Monday, May 23, 2011

Need A Repair

Say hello to this messy-shitty-life!

Okay, so maybe it’s quite difficult to face this May than I think before. I don't know, they said things like going perfectly fine for me, but in contrary, I feel so bad, wasted, emptiness. I laughed a lot, but cried much more. I enjoyed my day, but cursed most of my time.

Well I'm fully thankful for you God, for gave me these great family and wonderful friends. But there's a missing part, for God's sake I don’t know what it is. It’s like there's an empty feeling that appeared even when I'm in a crowded place.

I can say I hate it, but I can't deny that nothing's happened. And today is my lowest points, and I'm weak, sick, and tired because of them all.

First problem: I feel so bored, even lots of money can’t bring happiness to me. I really want to go traveling somewhere and find new experiences, and escape myself from this activity. Too bad I can’t go anywhere now.

Second problem: I want graduate from college sooner and follow my family move to Bandung and start my new life there and forget all my bad memories in here. I can’t stand it, I hate being in this place and know what I don’t want to know. They started to disturb my life and I’m scared with it!

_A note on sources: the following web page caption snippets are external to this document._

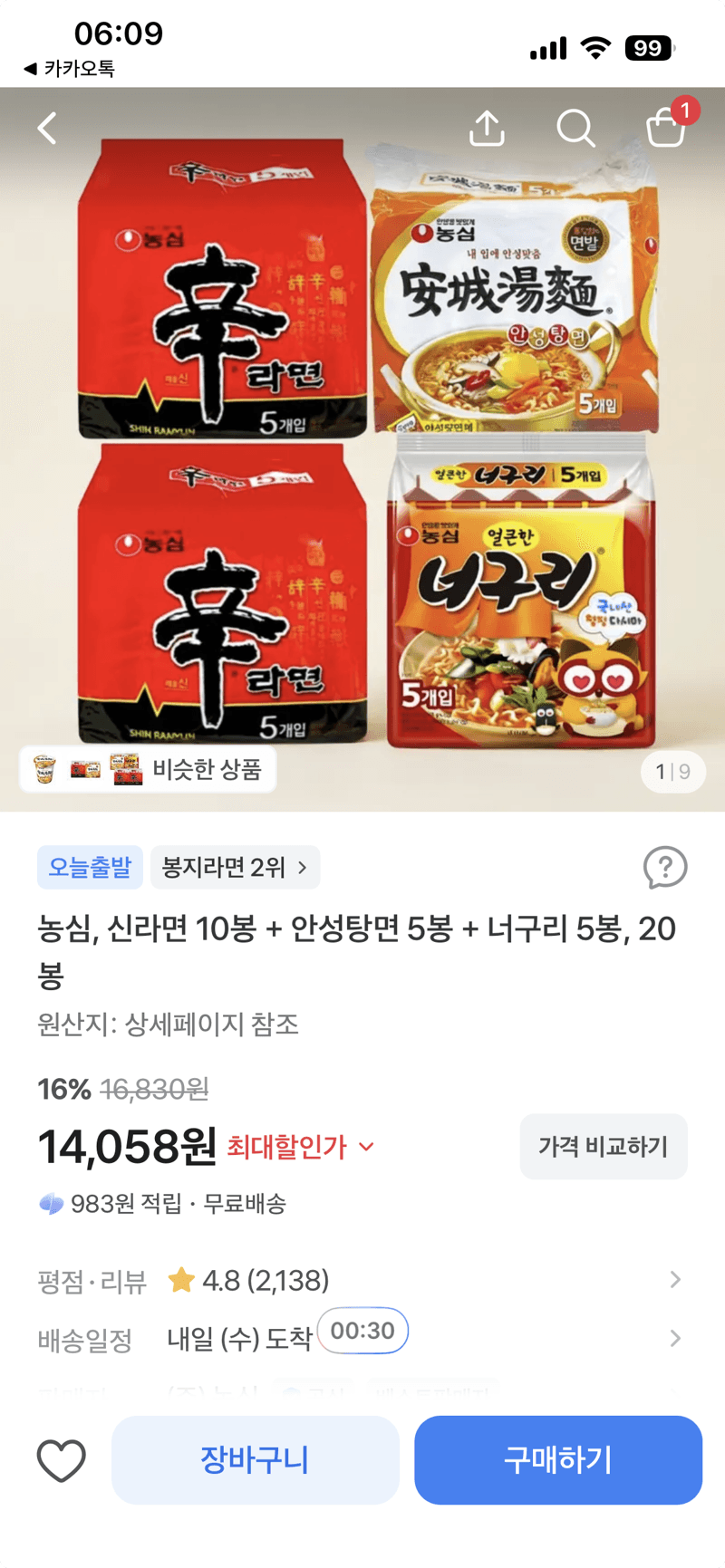 농심 신라면+안성탕면+너구리 20봉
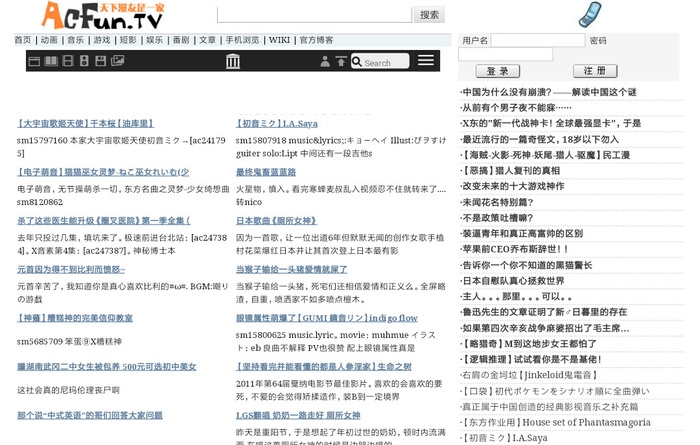 手機看的a站網(wǎng)址最新,探索自然美景之旅，手機中的寧靜港灣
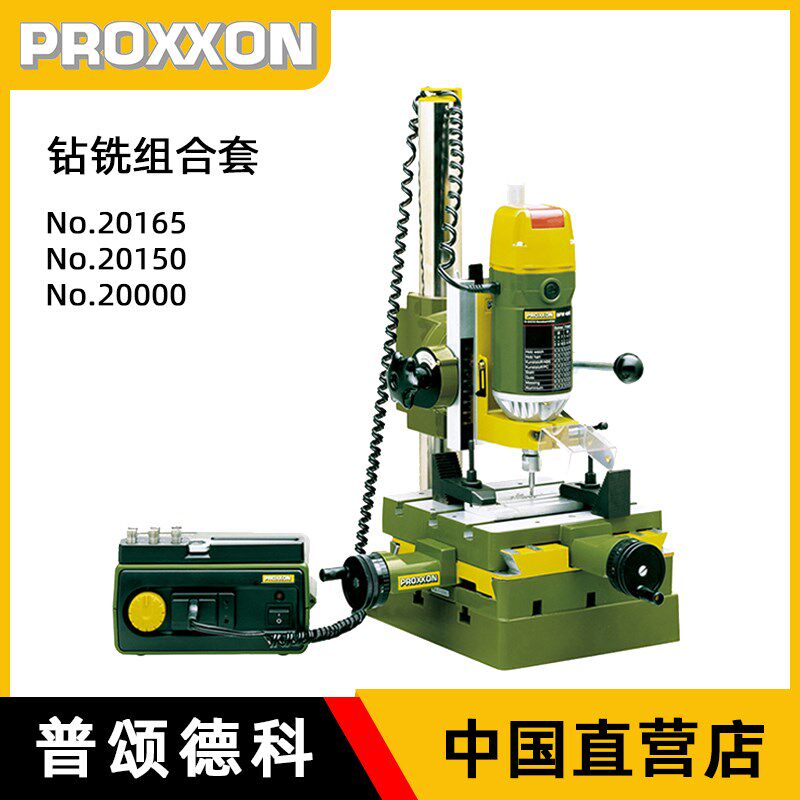 德国PROXXON钻床台式铣床多功能钻铣床220V微型迷你魔台钻20165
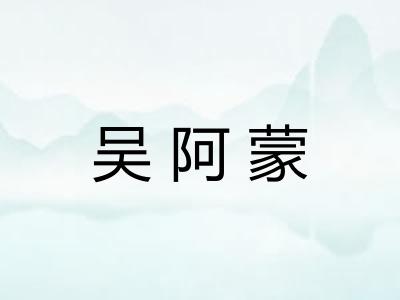 吴阿蒙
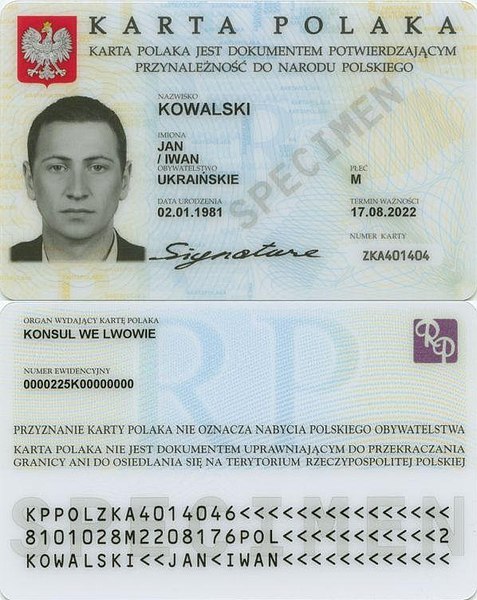 File:Karta Polaka wzór.jpg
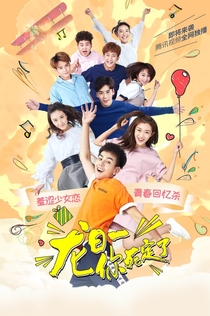 TV Shows from Kirinchik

Third problem: I always in love love love fucking love, and I’m getting more confused with my own feeling. He lost my highest respect, sorry boy but you hurt me, you know I tried to stay with you, but what you have done?

And I guess there’re still a lot of problems, but truthfully I can't tell anymore to anyone.

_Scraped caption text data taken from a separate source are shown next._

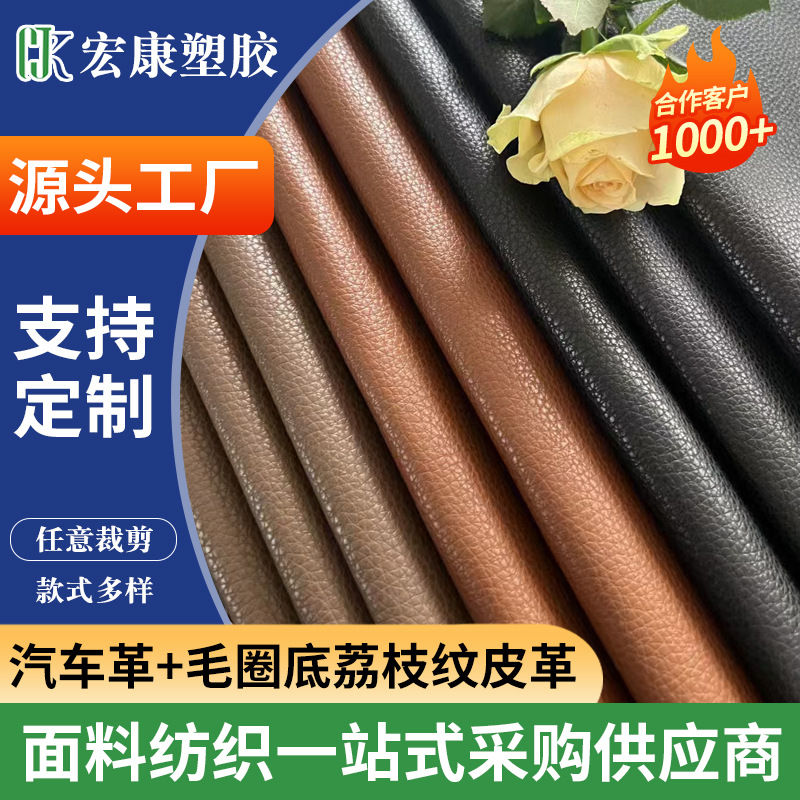 汽车革+毛圈底荔枝纹皮革现货批发人造皮革装潢软包pvc皮料汽车革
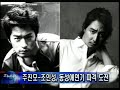 Jo In Sung & Joo Jin Mo in Gay Movie Jo In Sung & Joo Jin Mo in Gay Movie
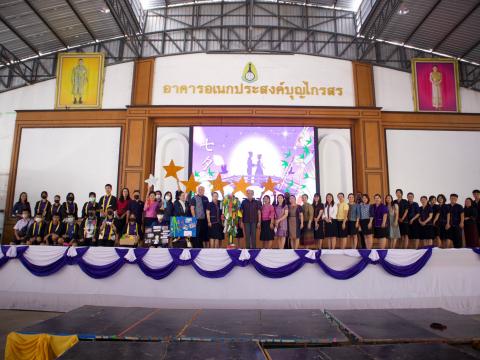 BKS Tanabata Day: Star Festival from Japanese Program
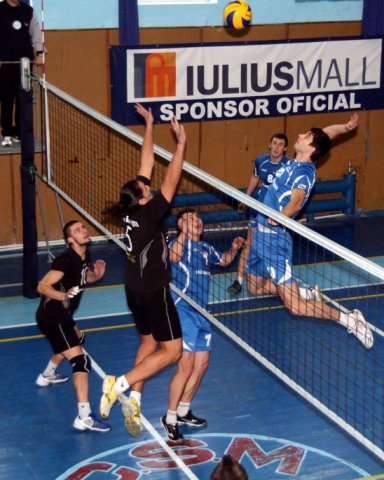 Clubul Sportiv Municipal Suceava - Volei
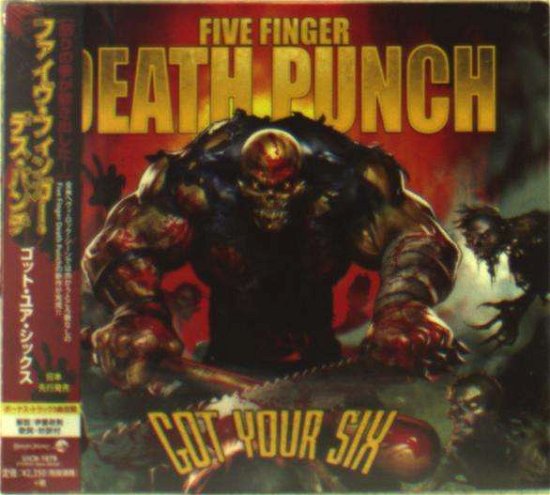 Cover for Five Finger Death Punch · Got Your Six (CD) [Limited edition] (2015)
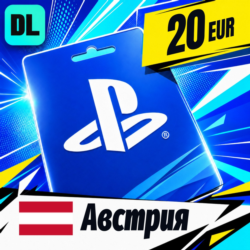 PlayStation Network (PSN) Австрия 20 EUR    цифровой код — автовыдача 24/7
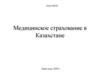 Медицинское страхование в Казахстане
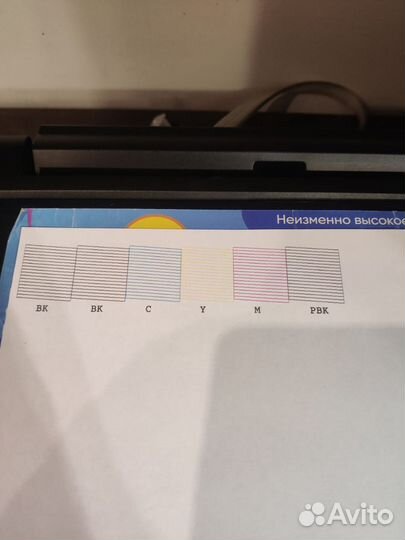 Мфу Epson XP630 с снпч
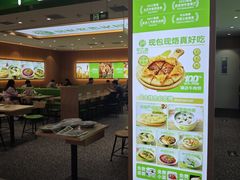 -甲乙饼·手工牛肉饼(天通苑华联店)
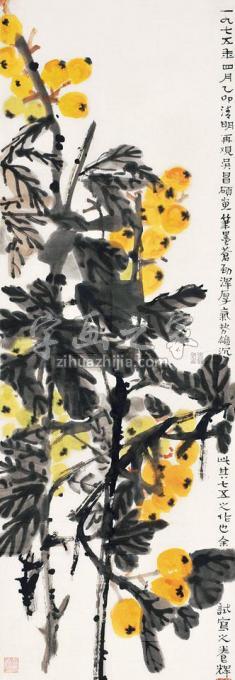 国画家黄养辉字画之家
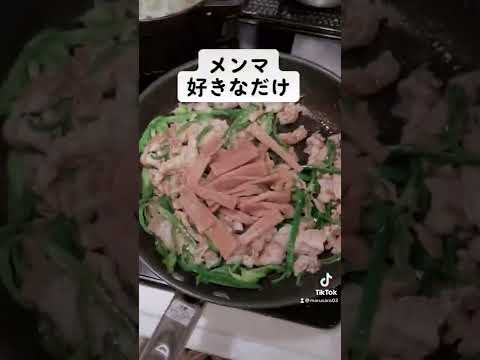 【ピーマン大量消費】こりゃー美味い♪メンマ青椒肉絲　#short #料理 #簡単レシピ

I hate my deadline. Hate the internet. Hate the crowds. Hate my money. Hate itineraries.

Hate myself most.

Saturday, May 21, 2011

You Are My Everything

Today I suddenly remembered this song. It’s ‘You Are My Everything’, was sang by Glenn Fredly for OST. Cinta Silver, an Indonesian movie which was released in around 2005. This song inspired me because today I’ve promised to someone that I’ll never ever leave him and I’ll always love him, because both of us hate separation and that’s what we have to face now. It plays around my head all day long and I can’t stop to sing it on my mind. Sounds groovy, I like the video clips, and the lyrics is like what I feel now.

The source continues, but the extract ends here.